Once you find the line containing "Karlinger Albert, 1964" in the data below, copy it and each following line exactly, up to and including the line containing "External battery Power", and nothing else.

>>>>

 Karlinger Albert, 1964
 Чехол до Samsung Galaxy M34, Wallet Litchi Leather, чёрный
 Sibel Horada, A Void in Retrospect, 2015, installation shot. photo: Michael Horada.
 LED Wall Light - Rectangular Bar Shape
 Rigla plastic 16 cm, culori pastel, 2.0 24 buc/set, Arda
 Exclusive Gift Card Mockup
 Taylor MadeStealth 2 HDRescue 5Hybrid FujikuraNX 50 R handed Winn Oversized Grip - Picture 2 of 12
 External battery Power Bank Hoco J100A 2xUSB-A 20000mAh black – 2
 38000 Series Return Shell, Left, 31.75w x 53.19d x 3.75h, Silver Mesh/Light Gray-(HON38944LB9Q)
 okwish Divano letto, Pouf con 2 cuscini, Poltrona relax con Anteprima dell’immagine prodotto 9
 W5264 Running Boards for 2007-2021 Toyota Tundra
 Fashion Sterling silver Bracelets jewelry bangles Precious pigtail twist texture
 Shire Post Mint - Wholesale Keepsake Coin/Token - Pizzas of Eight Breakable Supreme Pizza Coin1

<<<<
>>>>

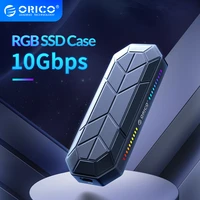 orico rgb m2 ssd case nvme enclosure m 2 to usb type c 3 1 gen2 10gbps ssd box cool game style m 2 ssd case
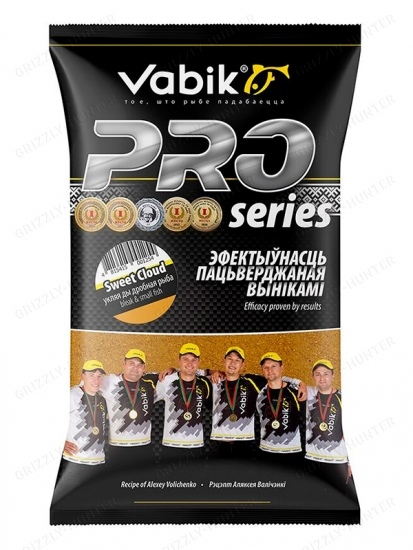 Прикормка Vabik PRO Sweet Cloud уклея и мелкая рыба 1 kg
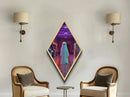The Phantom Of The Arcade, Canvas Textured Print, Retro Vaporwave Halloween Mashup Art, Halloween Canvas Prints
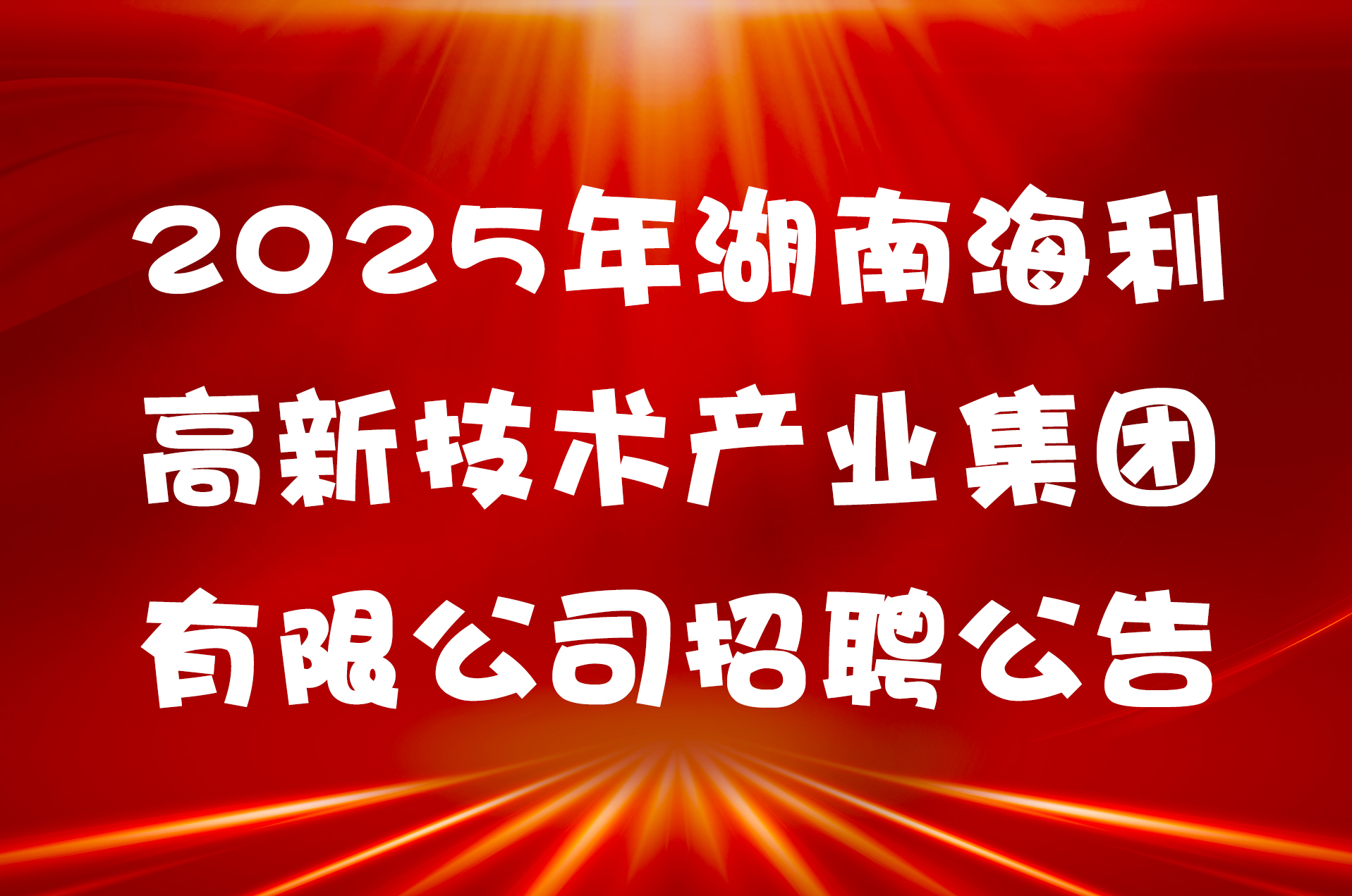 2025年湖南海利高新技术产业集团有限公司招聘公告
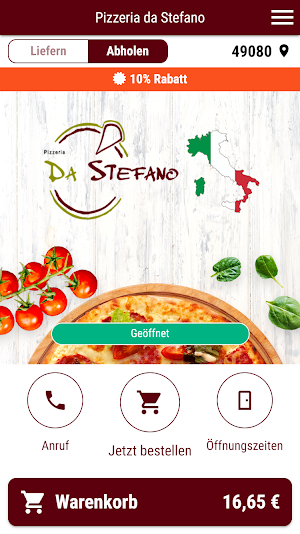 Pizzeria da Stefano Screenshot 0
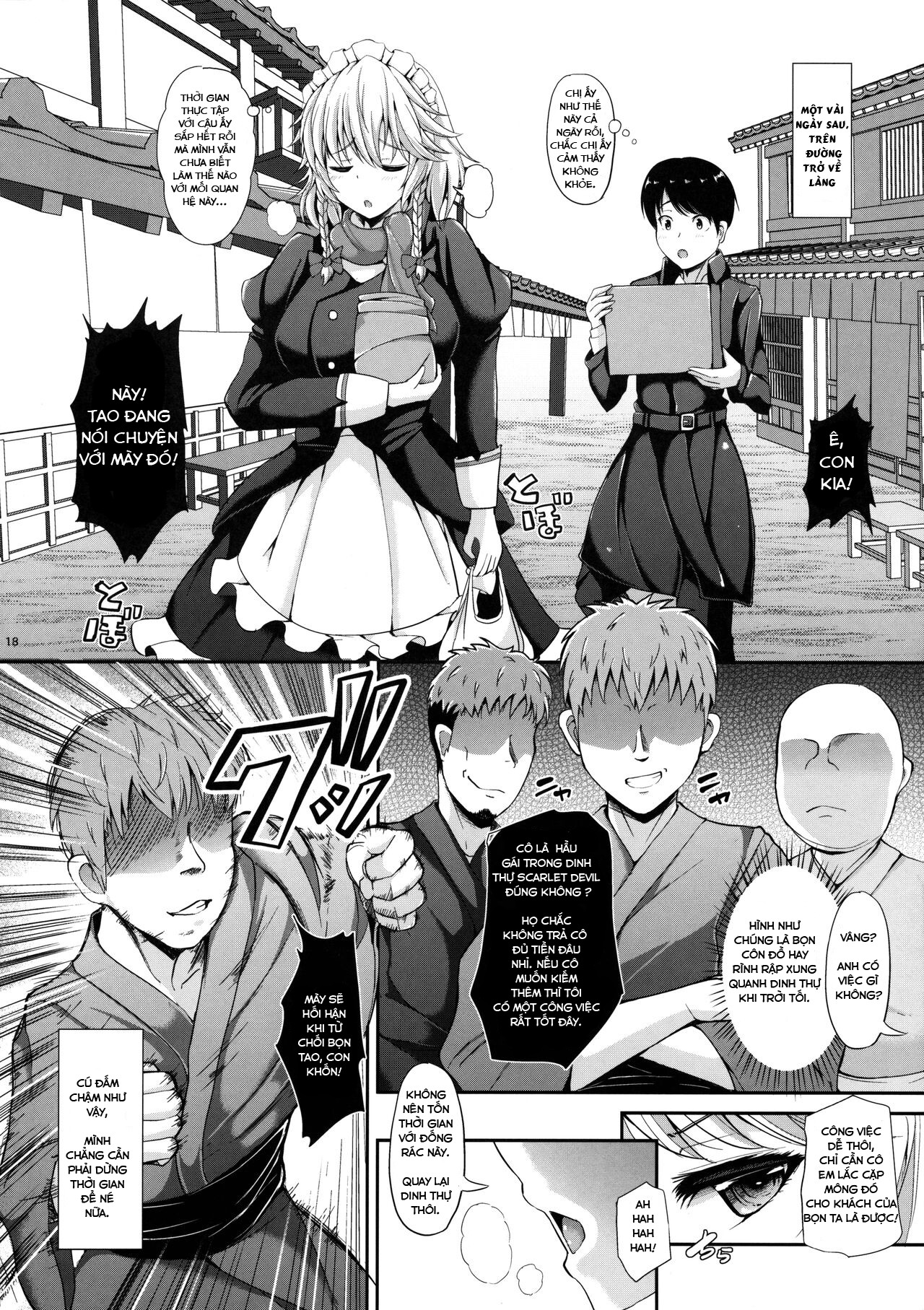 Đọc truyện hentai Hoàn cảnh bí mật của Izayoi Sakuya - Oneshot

<<<<

> [Response for this exercise]:
 Karlinger Albert, 1964
 Чехол до Samsung Galaxy M34, Wallet Litchi Leather, чёрный
 Sibel Horada, A Void in Retrospect, 2015, installation shot. photo: Michael Horada.
 LED Wall Light - Rectangular Bar Shape
 Rigla plastic 16 cm, culori pastel, 2.0 24 buc/set, Arda
 Exclusive Gift Card Mockup
 Taylor MadeStealth 2 HDRescue 5Hybrid FujikuraNX 50 R handed Winn Oversized Grip - Picture 2 of 12
 External battery Power Bank Hoco J100A 2xUSB-A 20000mAh black – 2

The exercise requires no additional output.